We appreciate that the DOL’s proposal would reverse the detrimental provisions of two rules that the previous administration adopted in late 2020, Financial Factors in Selecting Plan Investments and Fiduciary Duties Regarding Proxy Voting and Shareholder Rights. Among the provisions of these rules is the untenable “pecuniary test” stating that a fiduciary can factor ESG-related benefits into deciding between competing investments only when the funds are “economically indistinguishable.” This provision, known as the “tie-breaker rule,” fails to acknowledge that climate and other ESG factors are themselves material financial risks to markets, and that they are “no different than any other ‘traditional’ material risk-return factors.” This and other burdensome rules have caused investor confusion, stifling fiduciaries and plan sponsors from considering ESG factors in their decision-making and proxy voting.

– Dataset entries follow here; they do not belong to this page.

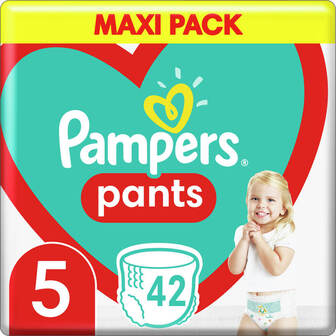 Підгузки-трусики Pampers р.5 12-17 кг 42 шт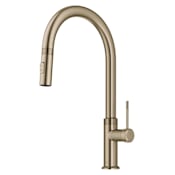 Kraus Allyn 1.8 GPM Single Hole Pull Down Kitchen Faucet Brushed Gold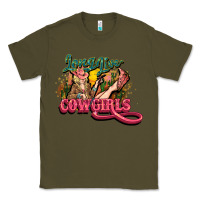 Army Green long live cowgirls Classic Tee - NancyCooperArtShop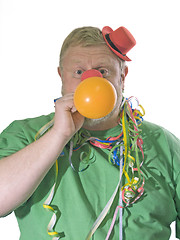 Image showing Clown with balloon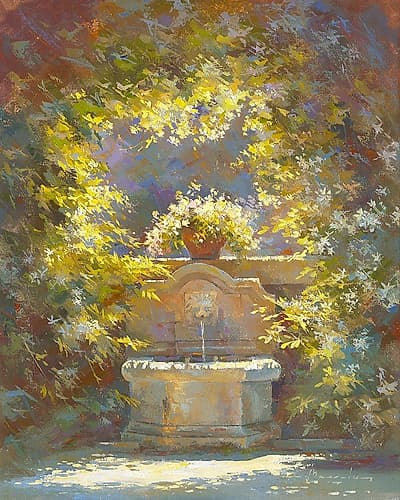 Fraicheur au Baux de Provence Art Print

Consequently, they have denied American workers and retirees access to ESG investment opportunities that offer competitive returns and reduce risks to their investments. Therefore, we celebrate that the proposed rule, consistent with the original spirit and intent of ERISA, would restore fiduciary authority to consider all relevant factors when choosing among available investment options.
Thank you for providing the opportunity to comment on a vital issue that has potential to help mitigate climate and other ESG risks, prove the business case for prioritizing ESG, and shift financial markets to better serve workers, communities, and the environment in alignment with Americans’ values.